**Action item:** Word for word, restate the lines of the data below between those holding "PEANUTS (Snoopy Necktie)" and "Gucci Gg Canvas", inclusive; pictures do not belong in the copy.

**Data records:**
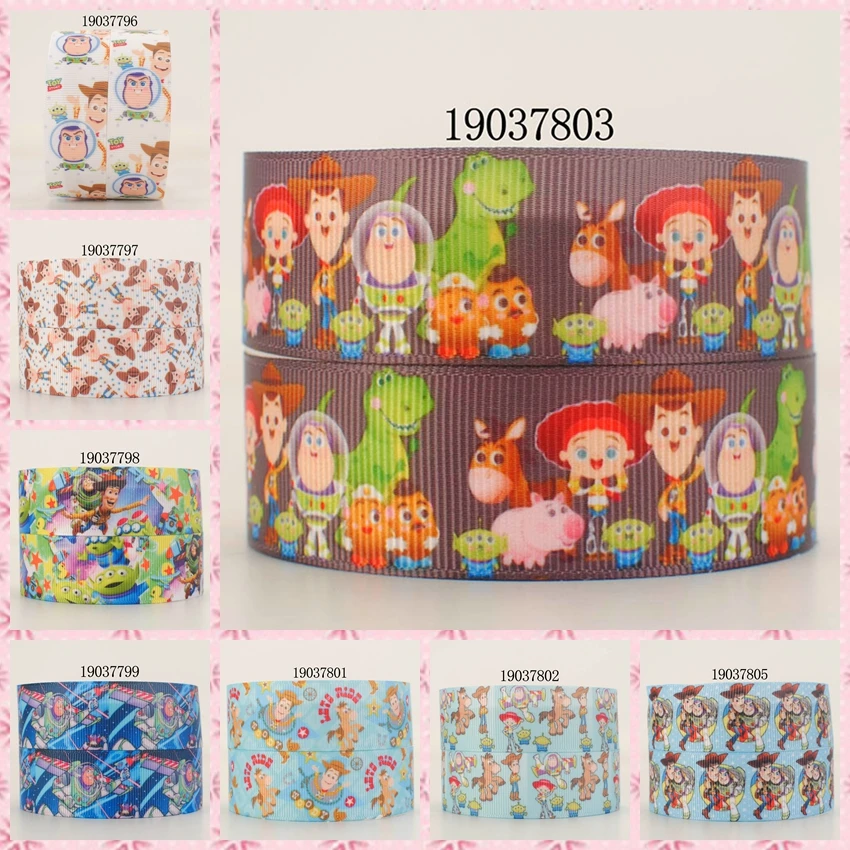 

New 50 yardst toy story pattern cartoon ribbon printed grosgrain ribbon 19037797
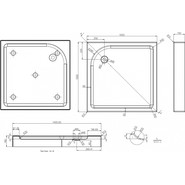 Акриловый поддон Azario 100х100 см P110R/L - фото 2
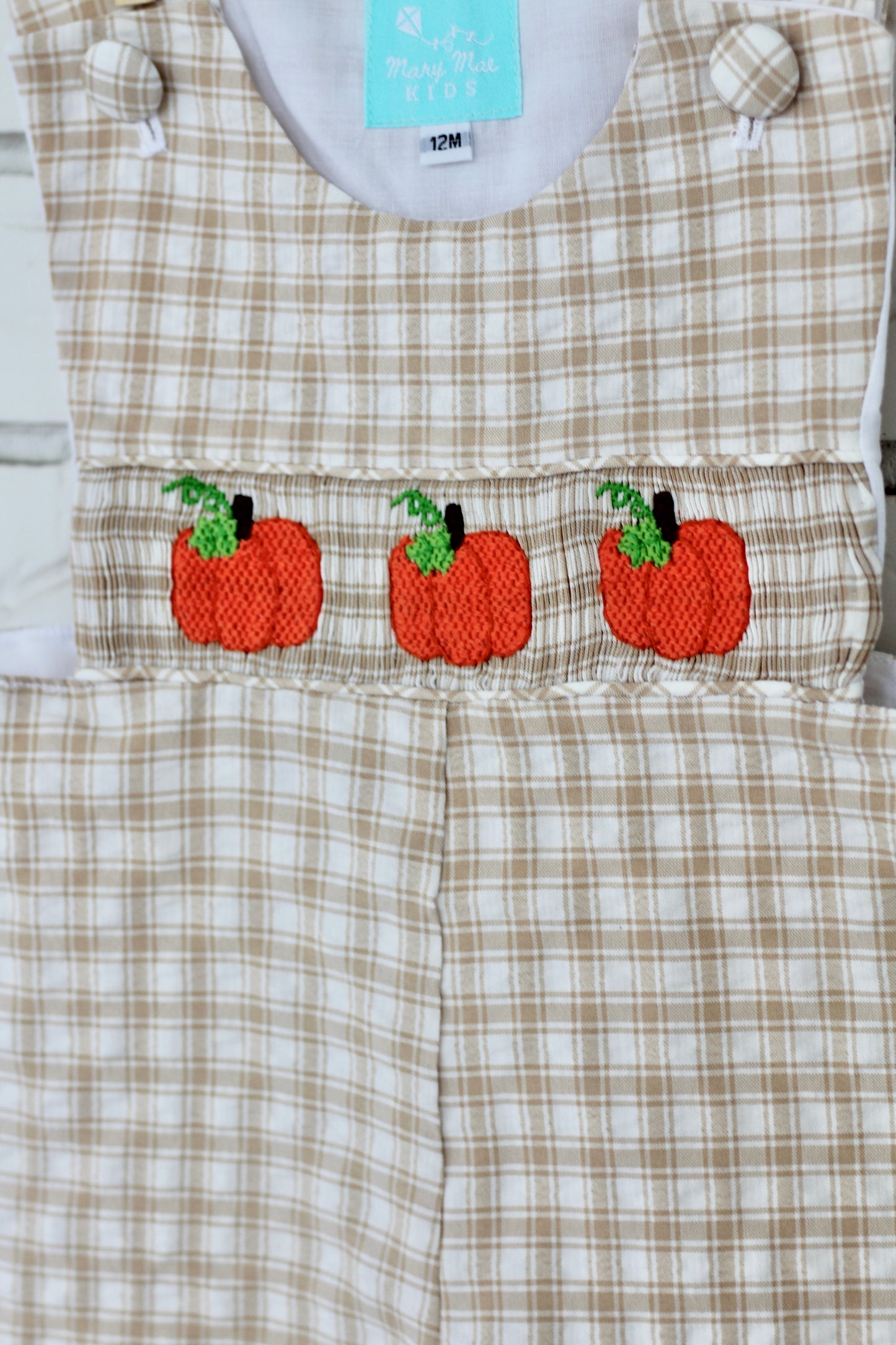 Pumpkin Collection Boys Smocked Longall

---

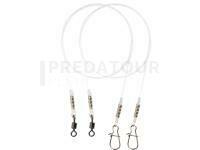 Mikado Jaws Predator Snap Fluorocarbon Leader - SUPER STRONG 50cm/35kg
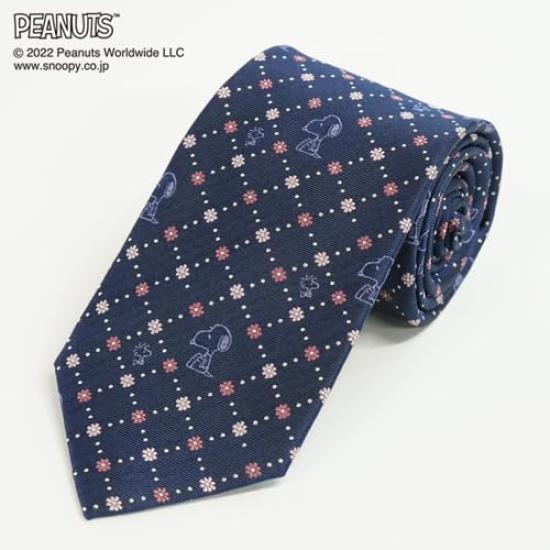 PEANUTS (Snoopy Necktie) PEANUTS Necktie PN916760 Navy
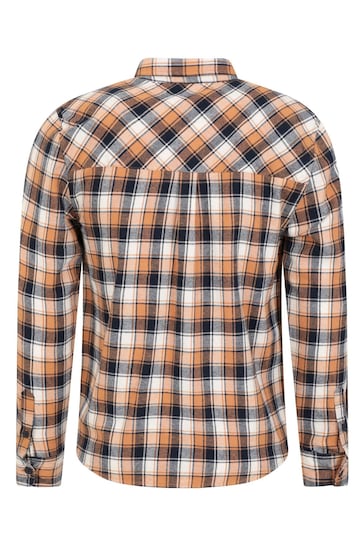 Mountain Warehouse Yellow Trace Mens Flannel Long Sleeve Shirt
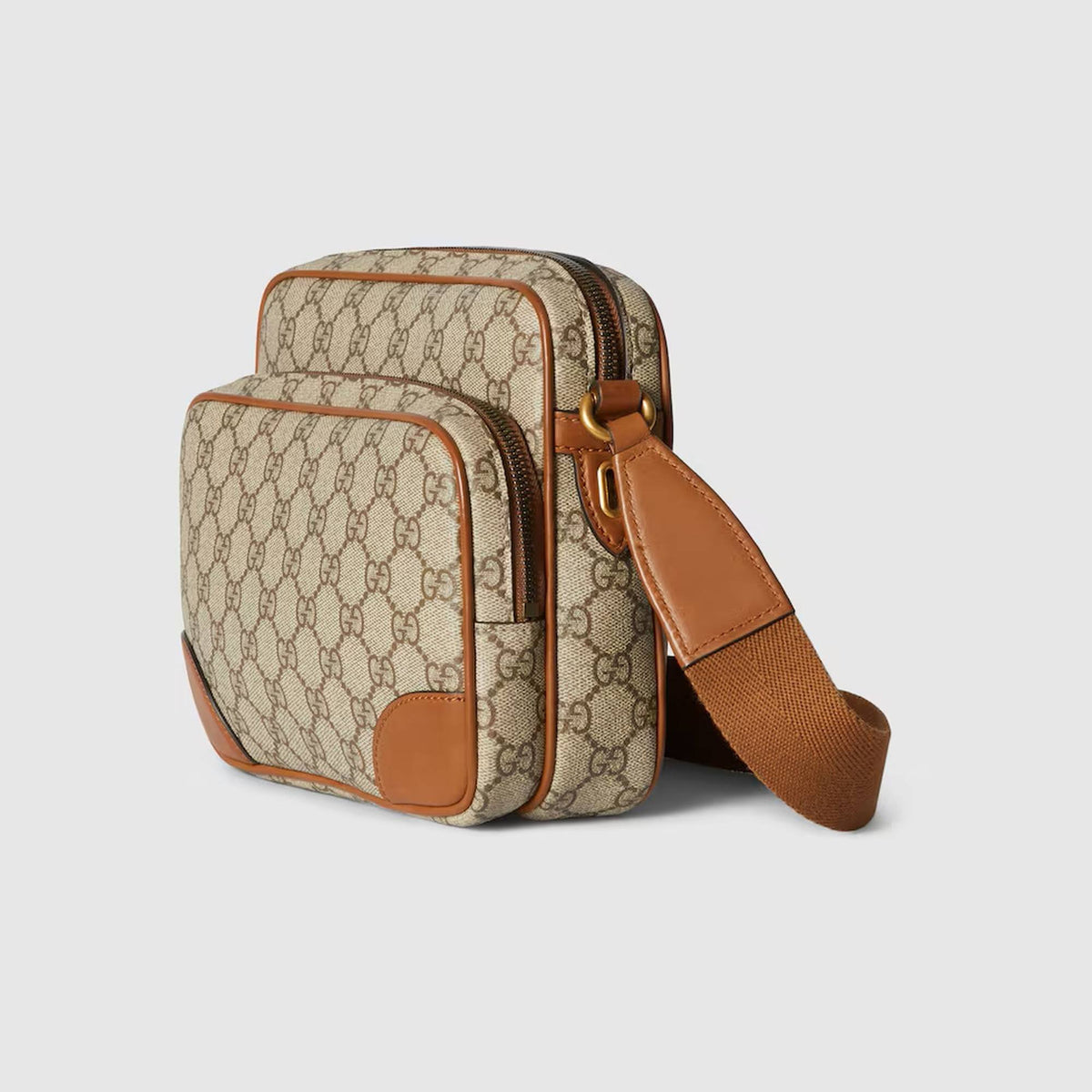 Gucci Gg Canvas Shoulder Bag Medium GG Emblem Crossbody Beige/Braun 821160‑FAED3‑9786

**Exercise result:**
 PEANUTS (Snoopy Necktie) PEANUTS Necktie PN916760 Navy
 Mountain Warehouse Yellow Trace Mens Flannel Long Sleeve Shirt
 Gucci Gg Canvas Shoulder Bag Medium GG Emblem Crossbody Beige/Braun 821160‑FAED3‑9786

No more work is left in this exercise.